Natural rights are profoundly ubiquitous. You cannot look at anything in the universe without witnessing the operations of operators, each one exercising its powers and rights simultaneously.
The Terse, Universal Definition of Natural Rights
Natural Rights: the authority of operators to operate.
The Long Version
The origin of the authority exhibited by natural law is revealed in the natural rights of the operational components of the universe. “Natural Rights” is the label we abstract from and then apply to the authority or agency an operator possesses to exercise its capabilities. For example, I have the power to speak, and my authority to speak is inherent and intrinsic within that power. When I speak, I exercise my ability and my right simultaneously because that right is inalienable. It cannot be separated from my power to speak. If you thwart my ability, you also destroy my right. You either have a speaker with the natural right to speak, or you have neither. The ability and the authority are two aspects of the same phenomenon.
The right to life, or more broadly, the right to exist, creates a space filled by the right to operate.
The Explication
Because a right is an abstract idea, it must have a real antecedent, or else it has no standing. Its antecedent is the authority exhibited by an entity when it exercises power, capacity, or capability. That statement may seem circular, but only because Temporal Rights are profoundly inherent and intrinsic. One can, with semantic grace, denote a right as being the “authority” aspect of the corresponding capability.
For example, the capability to own property inherently includes the right to own property: without that right, ownership is meaningless. In this particular example there is a clear connection to law and jurisprudence.
All theories of natural rights draw the abstract idea of rights out of the nature of things, and one may choose not to draw out this abstraction. It is, after all, a discrete, mental choice to accept the idea of rights.
Truth is an abstract idea drawn out of reality. Both abstractions deliver comprehension of relationships, cause and effect, and other interesting ideas to the human mind. Just as truth is the metadata of reality, Temporal Rights is the metadata of the powers of objects in that same reality. These are useful tools in the work of understanding the world.
The Semantics of Natural Rights
This definition of natural rights has definite semantic aspects; some will say “definite issues”. To understand the universe, we must be careful of this challenge. For example, we have a choice as to whether we ascribe the idea of rights/authority to the powers displayed. But the more important issue is the working of the perceptor of these things – the human mind.
When I leave the world of words, those symbols that are supposed to represent reality, and use my imagination to visualize the workings of the universe, I see actions, reactions, and what seems like the pursuit of goals by rather primitive operators. Then I try to verbalize these observations, and I recognize that the switch from visualization to verbalization poses a clear impediment to comprehension. Immediate voids are applied to the visualization while attempting verbalization because words force pigeonholing. And the pigeon holes do a significantly poor job of representing the reality that I just saw.

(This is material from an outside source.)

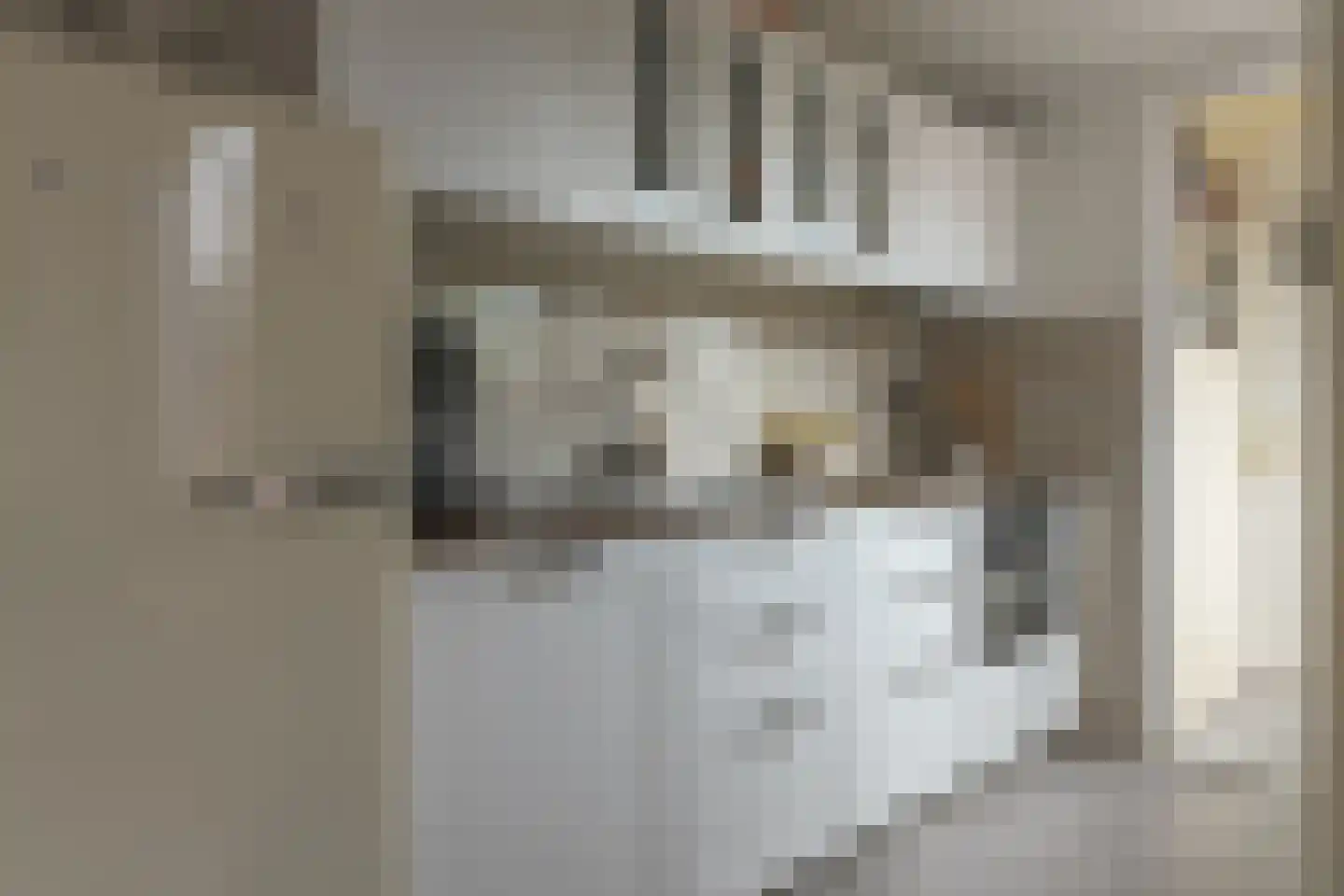 Borniastraat 75 Leeuwarden thumbnail 12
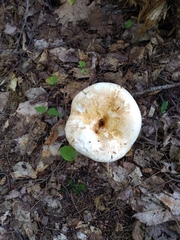 Lactifluus deceptivus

The idea that the powers of the operators of the universe have authority to use those powers can be seen as a semantic adventure. In the absence of this attribution of authority to power, the idea of natural rights based on that attributed authority collapses. The problem here is with the pigeonholes. Our comprehension of these things is profoundly affected by the meanings of the words we are using, and we find ourselves frustrated in trying to express observations that our language does not permit. This frustration proves the inadequacy of words to convey reality.
If we choose not to attribute authority to these operators, we strip them of their official, authoritative positions and relegate them, and ourselves, to cold, lifeless, entities battling out our meaningless places in the universe. All operators become just causes and effects. But there is a problem here.
This nihilistic view demands that the human will and the power to choose, the ability we all recognize as a reality of our lives, in fact, the most important aspect of our lives, this denial of conscience and judgment and choice flies in the face of our everyday experience. We know we have choices because we make them constantly, and the sense that we can exercise our willpower in the choosing is in many ways the essence of our lives. Those choices are prima facie evidence of our authority to be agents for ourselves. That fact cannot be reconciled with the idea that we are only physical causes and effects in a meaningless universe. This is prima facie evidence of our natural authority we call rights.
That last sentence may just be the most compelling evidence for the existence of natural rights, or for the attribution of rights to capabilities.
If we then admit to this authority, this right to direct our own lives, we have opened the door to seeing that all operators have authority to operate – thus the basis for natural rights is firmly founded and the authority that empowers natural law is identified. There will be a tendency to limit natural rights to sentient operators, but that is an arbitrary choice, for there is no clear demarcation between what we call living and non-living things – between those two pigeon holes.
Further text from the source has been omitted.